Once a divorce case is filed in Virginia, the typical divorce attorney comes out of the gate running. Pleadings are prepared and filed in court, issues are set on the court’s docket for hearings, summons and subpoenas are issued, and discovery is propounded. While you may have thought that this aggressive posture would get you what you want, you are now discovering that the tactics used to “win” are extremely expensive, the case has taken on a life of its own, and you have little to no control over what is happening.
One way to bring your divorce back into your control both financially and emotionally is to leave traditional litigation behind and pursue a collaborative divorce. You and your spouse have the option to re-route and go the collaborative way. The courts in Virginia will accommodate parties who no longer want to litigate but want to divorce collaboratively. If your current attorneys are trained in the collaborative method, you may keep the same attorneys, if not, it is simple to find collaborative attorneys in your area.

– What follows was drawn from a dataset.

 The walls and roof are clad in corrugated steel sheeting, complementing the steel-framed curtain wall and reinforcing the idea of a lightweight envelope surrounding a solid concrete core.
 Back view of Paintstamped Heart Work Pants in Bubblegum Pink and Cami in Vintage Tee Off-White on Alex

In the collaborative method, you, your spouse and both of your attorneys agree to work toward a settlement; not a forced settlement on the eve of trial after having spent thousands for trial preparation, but a carefully thought out settlement, one that works to put you on the right track for the future. No longer are threatening tactics used, no longer are you at the mercy of the court’s timeline, and no longer are you paying for your attorney’s time in court or time in preparing for trial. Much of the work in a collaborative divorce is done in four-way meetings with the parties and their attorneys. Other collaborative professionals are brought in as needed to assist the parties in crafting parenting plans and financial plans, and when needed, to help improve communications between the parties. The goal of a collaborative divorce is to avoid the financial and emotional destruction involved in litigation and to prepare the parties and their families for a successful future. In a collaborative divorce, the parties retain the power and control over their lives, their children, and their money and resources, not the attorneys and not the Judges.

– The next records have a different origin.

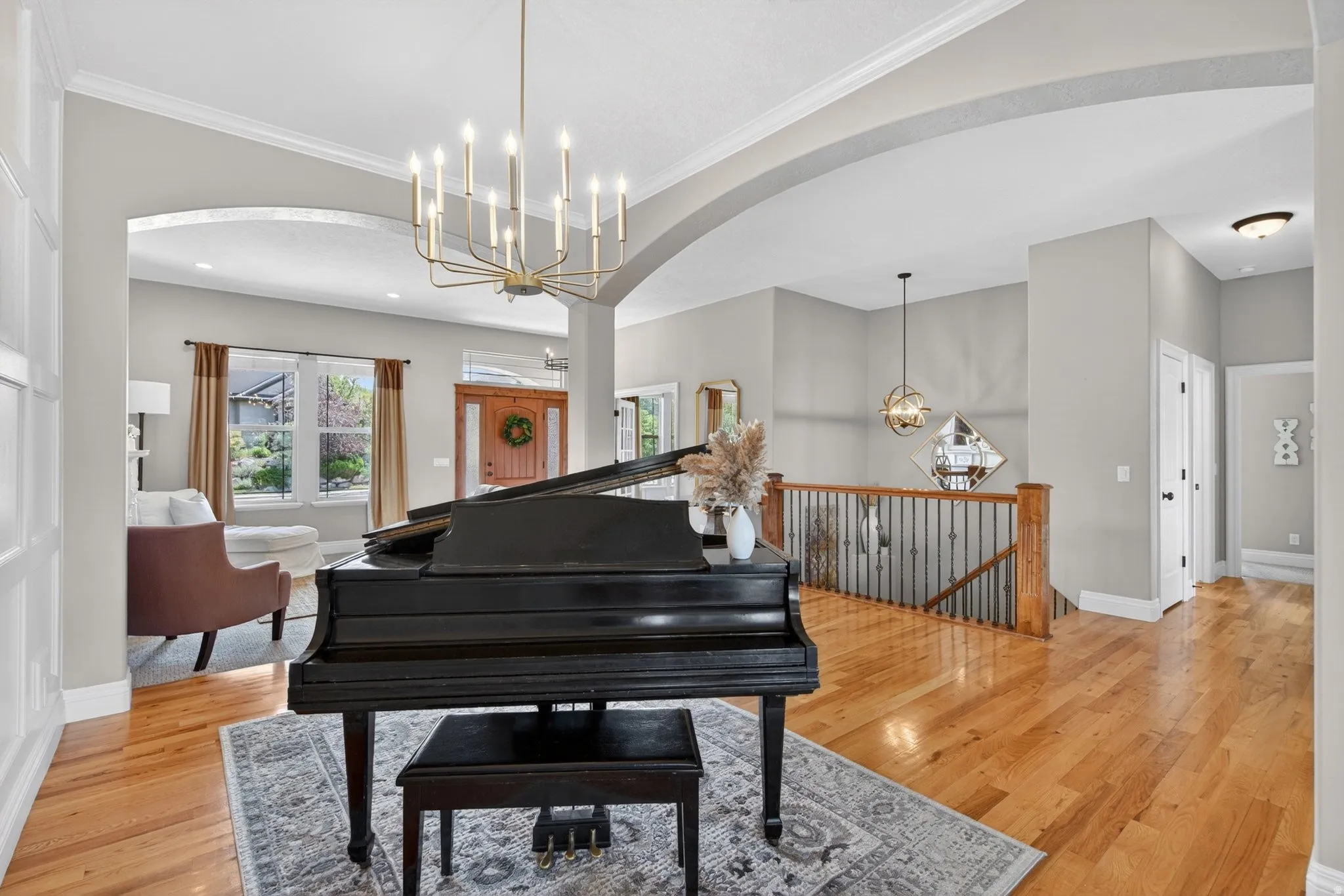 Spacious entry foyer featuring wood-finish flooring, a contemporary chandelier, arched doorways, a built-in paneled wall, and a staircase with wood newel posts and metal balusters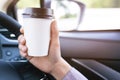 Drinking paper cup coffee of hot in hand while driving in a car Royalty Free Stock Photo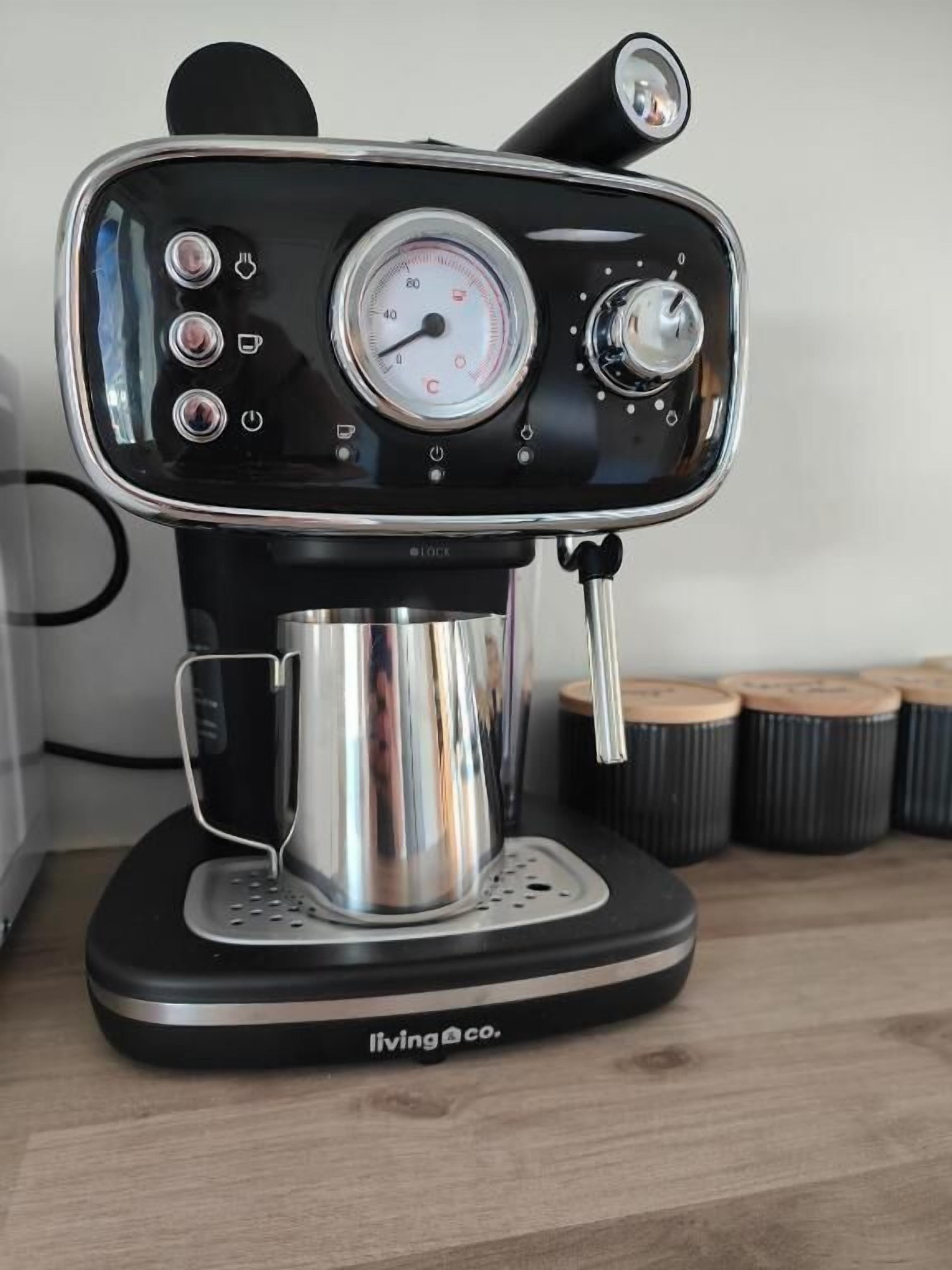 Una máquina de café con pantalla digital y panel de control, sobre una superficie de madera.
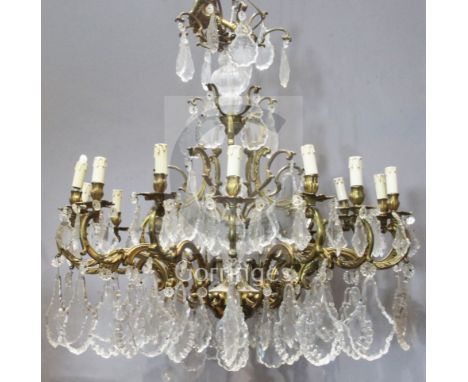 A gilt metal and cut glass fifteen light chandelier, each foliate arm supporting shaped cut glass drops, width 36in.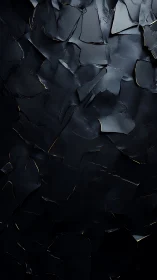 Dark fractured surface texture shows layered angular shards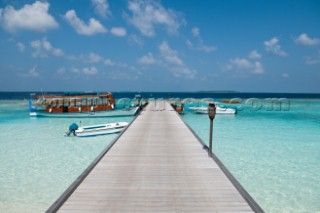 An empty wooden jetty and moored boats, Six Senses Soneva Fushi Resort, Kunfunadhoo Island, Baa (South Maalhousmadulu) Atoll, Maldives, on January 26th, 2010. Thomas Pickard/Aurora Photos/Kos Pictures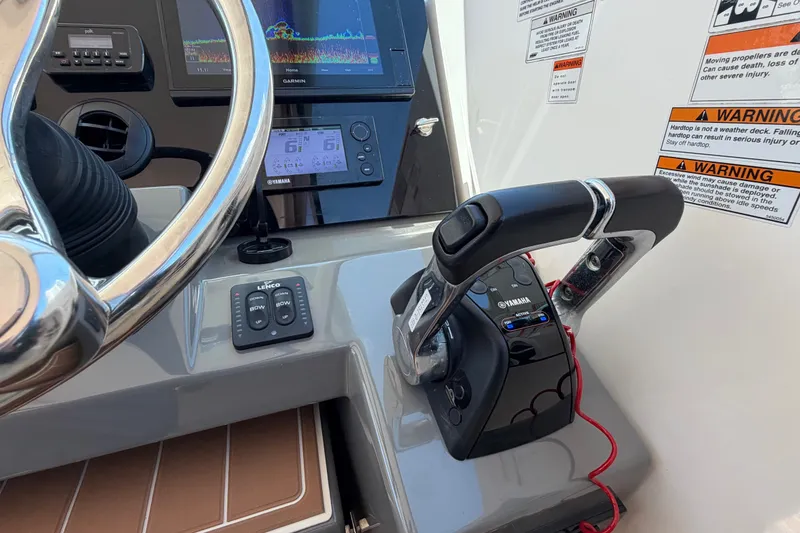 Slide: The Image of Control panel of a 2016 Pursuit DC 325 Dual Console boat with steering wheel and throttle. - 35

Another way to preserve your funds and regain control over your divorce is to engage in mediation. Parties often think that once they are involved in divorce litigation, mediation is not an option. In fact, at any time, the parties can choose to take an individual issue or the whole case to mediation. In some jurisdictions in Virginia, the courts actually require the parties in a divorce action to engage in a mediation orientation. Mediation is substantially less costly than litigation. Rather than paying two different attorneys to argue in court or to negotiate your case, why not spend a lot less with a mediator who will facilitate the discussion and resolution between you and your spouse directly. Your combined resources pay one source; both parties work together with the mediator, involved in every step; and your self-determination remains intact.
This is your life, your divorce, and your choice.